If it is necessary for the POMP2 library to pass information from the master thread to its children, the option --tpd
can be used. Opari2 uses the copyin clause to pass a threadprivate variable pomp_tpd
to the newly spawned threads at the beginning of a parallel region. This is a 64 bit integer variable, since Fortran does not allow pointers. However a pointer can be stored in this variable, passed to child threads with the copyin clause (in C/C++ or Fortran) and later on be cast back to a pointer in the pomp library.
To support mixed programming (C/Fortran) the variable name depends on the name mangling of the Fortran compiler. This means, for GNU, Sun, Intel and PGI C compilers the variable is called pomp_tpd_ and for IBM it is called pomp_tpd in C. In Fortran it is of course always called pomp_tpd. The --tpd-mangling option can be used to change this. The variable is declared extern in all program units, so the pomp library contains the actual variable declaration of pomp_tpd as a 64 bit integer.
In OpenMP 3.0 the new tasking construct was introduced. All parts of a program are now implicitly executed as tasks and the user gets the possibility of creating tasks that can be scheduled for asynchronous execution. Furthermore these tasks can be interrupted at certain scheduling points and resumed later on (see the OpenMP API 3.0 for more detailed information).

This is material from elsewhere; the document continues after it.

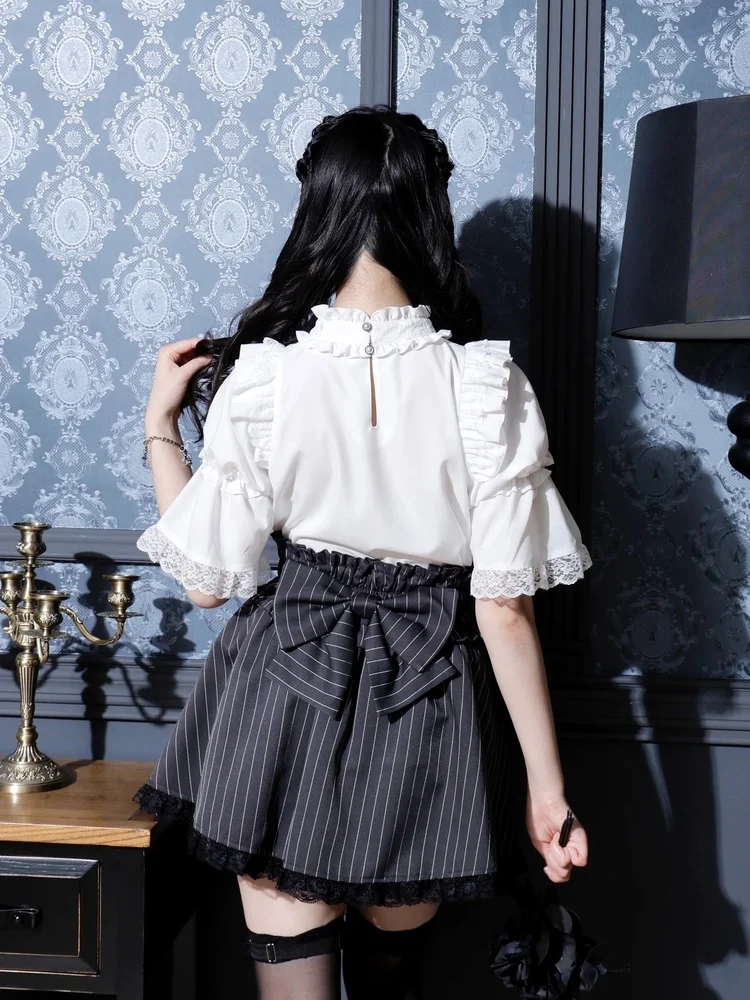 日本の鉱山スタイル量産ダークゴスブラウスレーススプライシング半袖リボンシングルブレスト甘い多用途シャツトップ女性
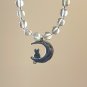 Dark Moonstone Silver Cat on the Moon Necklace, Genuine Gemstone June Birthstone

Opari2 instruments functions POMP2_Task_create_begin and POMP2_Task_create_end to allow the recording of the task creation time. For the task execution time, the functions POMP2_Task_begin and POMP2_Task_end are instrumented in the code. To correctly record a profile or a trace of a program execution these different instances of tasks need to be differentiated. Since OpenMP does not provide Task ids, the performance measurement system needs to create and maintain own task ids. This cannot be done by code instrumentation as done by Opari2 alone but requires some administration of task ids during runtime. To allow the measurement system to administrate these ids, additional task id parameters (pomp_old_task/pomp_new_task) were added to all functions belonging to OpenMP constructs which are task scheduling points. With this package there is a "dummy" library, which can be used as an adapter to your measurement system. This library contains all the relevant functionality to keep track of the different instances of tasks and it is highly recommended to use it as a template to implement your own adapter for your measurement system.
For more detailed information on this mechanism see:
"How to Reconcile Event-Based Performance Analysis with Tasking in OpenMP"
by Daniel Lorenz, Bernd Mohr, Christian Rössel, Dirk Schmidl, and Felix Wolf
In: Proc. of 6th Int. Workshop of OpenMP (IWOMP), LNCS, vol. 6132, pp. 109121
DOI: 10.1007/978-3-642-13217-9_9
The typical usage of OPARI2 consists of the following steps:
1. Call OPARI2 for each input source file
% opari2 file1.f90 ... % opari2 fileN.f90
2. Compile all modified output files *.mod.* using the OpenMP compiler
3. Generate the initialization file
% `opari2-config --nm` <objs_and_libs> | \ `opari2-config --region-initialization` > pomp2_init_file.c
4. Link the resulting object files against the pomp2 runtime measurement library.